## [TO DO]
Once the pictures are removed, restate the data below word for word.

## [AVAILABLE DATA]
===============

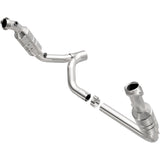MagnaFlow Conv DF RAM Pickup 2006 8 5.7L (24491)
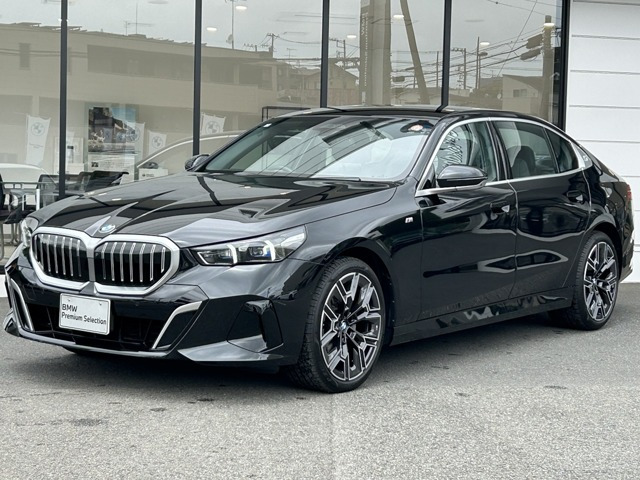 5シリーズセダン 525Li エクスクルーシブ Mスポーツ 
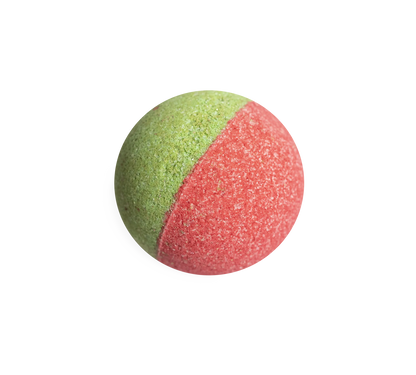 Watermelon Bath Bomb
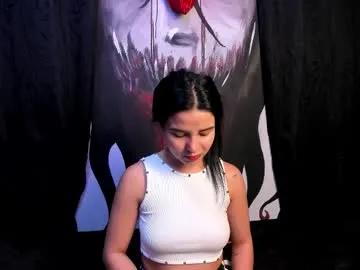 Private kylie_foxx1 on Chaturbate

===============

## [COMPLETED TASK]
MagnaFlow Conv DF RAM Pickup 2006 8 5.7L (24491)
 5シリーズセダン 525Li エクスクルーシブ Mスポーツ 
 Watermelon Bath Bomb
 Private kylie_foxx1 on Chaturbate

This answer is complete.